*** Records for this task ***

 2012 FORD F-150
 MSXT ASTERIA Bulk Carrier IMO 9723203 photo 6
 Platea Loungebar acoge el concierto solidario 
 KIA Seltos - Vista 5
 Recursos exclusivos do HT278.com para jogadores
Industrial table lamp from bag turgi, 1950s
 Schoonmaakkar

*** End of Records for this task ***
*** Records for this task ***

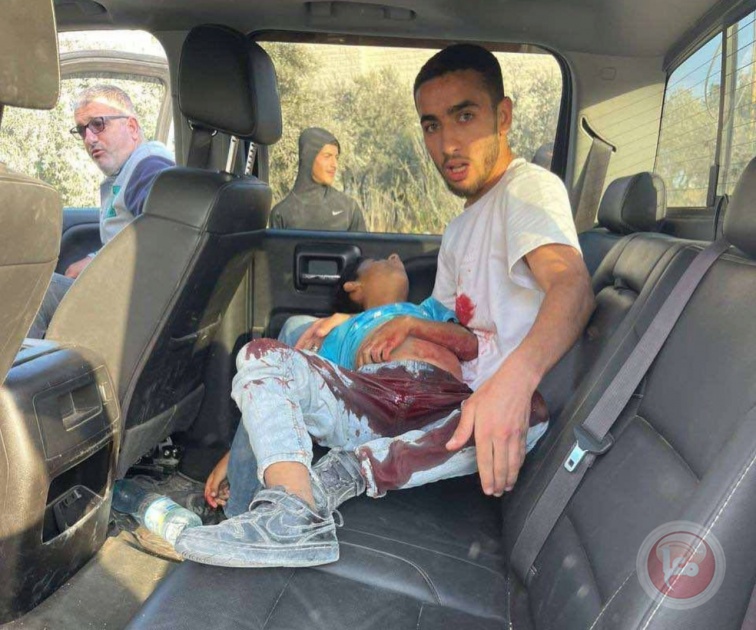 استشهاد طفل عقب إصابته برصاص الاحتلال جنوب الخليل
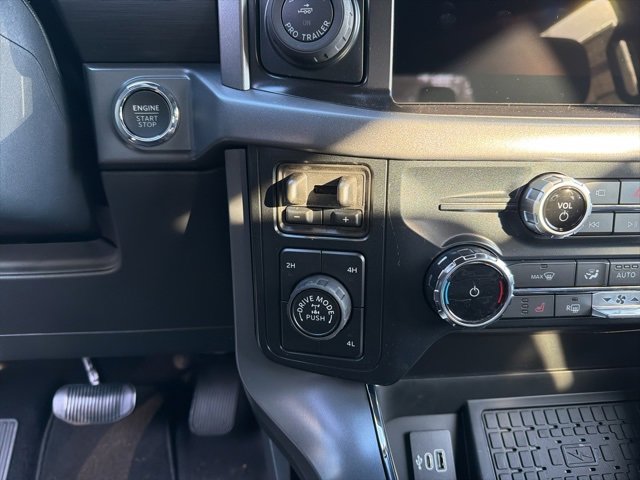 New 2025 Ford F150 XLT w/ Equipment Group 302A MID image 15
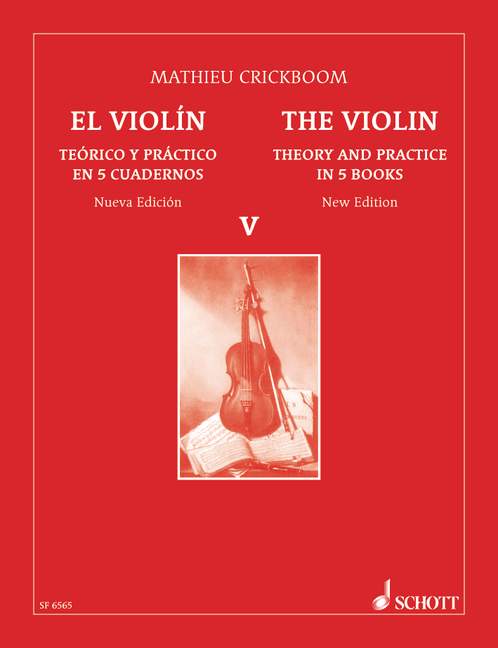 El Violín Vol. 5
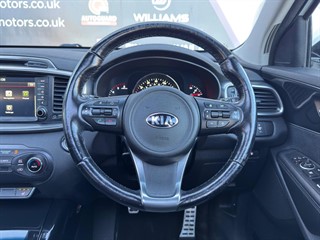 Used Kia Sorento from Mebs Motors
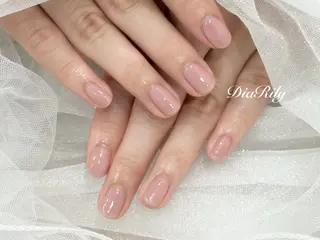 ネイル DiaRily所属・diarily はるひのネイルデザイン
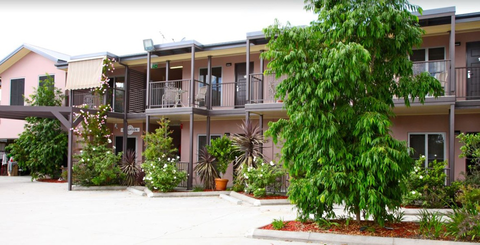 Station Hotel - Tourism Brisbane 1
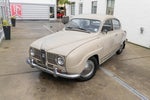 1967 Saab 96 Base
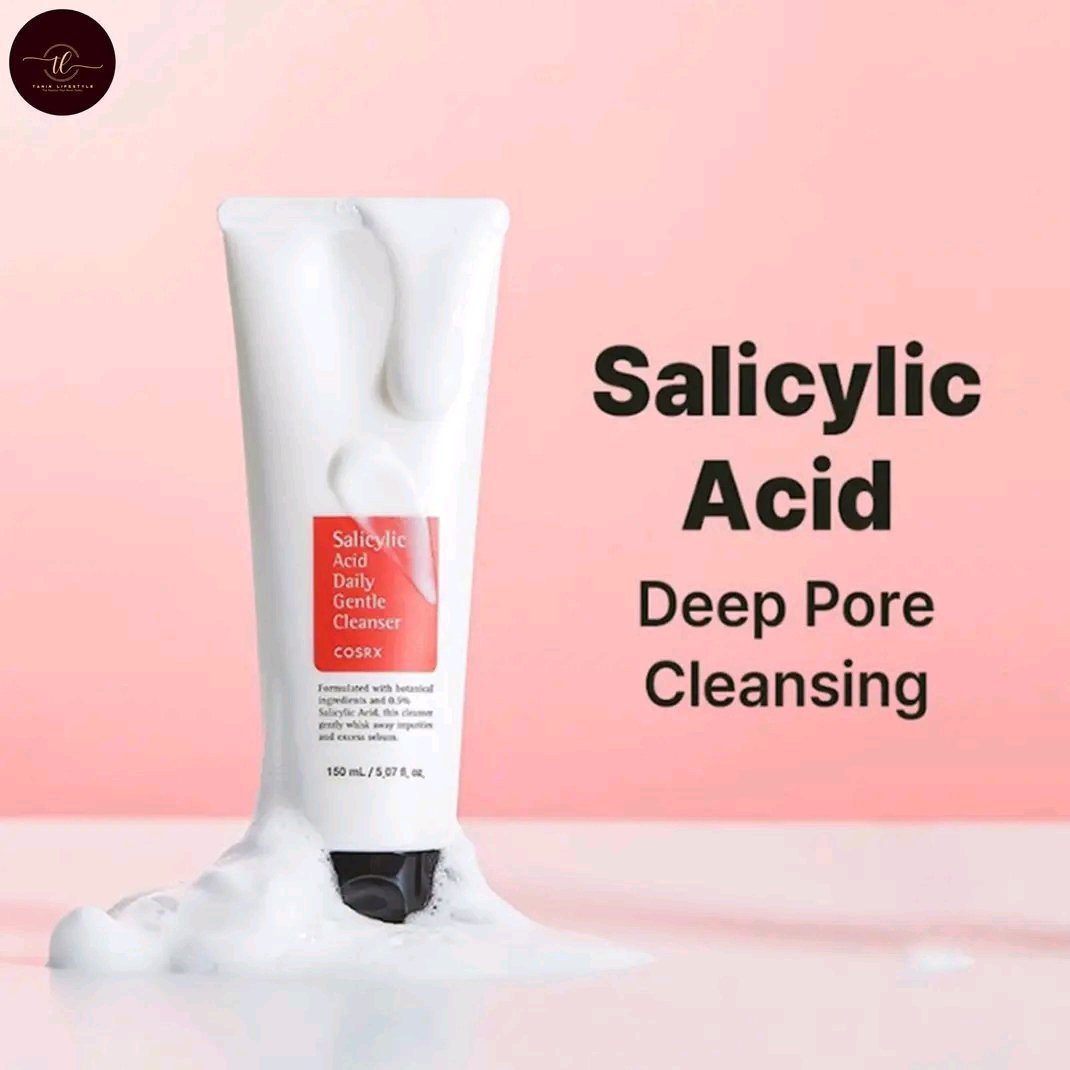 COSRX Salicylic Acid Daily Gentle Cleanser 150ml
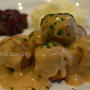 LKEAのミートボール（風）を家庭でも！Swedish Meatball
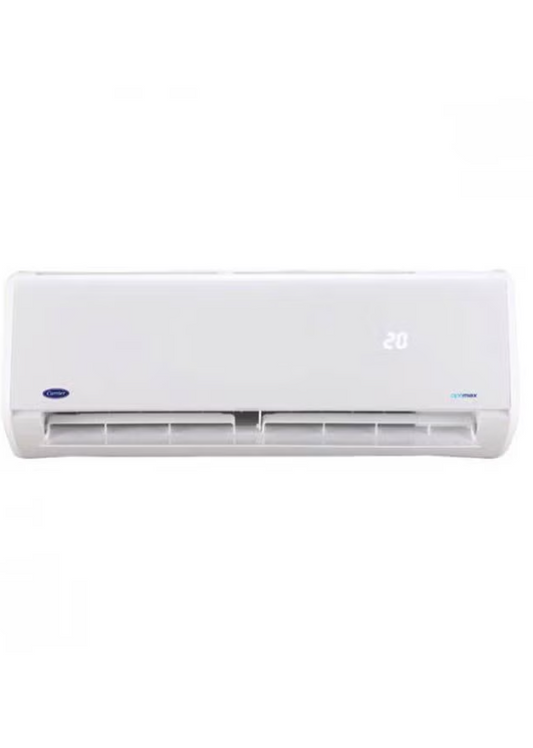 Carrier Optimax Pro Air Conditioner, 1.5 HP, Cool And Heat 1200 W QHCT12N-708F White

*** End of Records for this task ***

■ **Your instructions**:
Set down precisely the lines above between the line holding "2012 FORD F-150" and the line holding "Schoonmaakkar", inclusive, and nothing beyond them.

■ **Result of the exercise**:
 2012 FORD F-150
 MSXT ASTERIA Bulk Carrier IMO 9723203 photo 6
 Platea Loungebar acoge el concierto solidario 
 KIA Seltos - Vista 5
 Recursos exclusivos do HT278.com para jogadores
Industrial table lamp from bag turgi, 1950s
 Schoonmaakkar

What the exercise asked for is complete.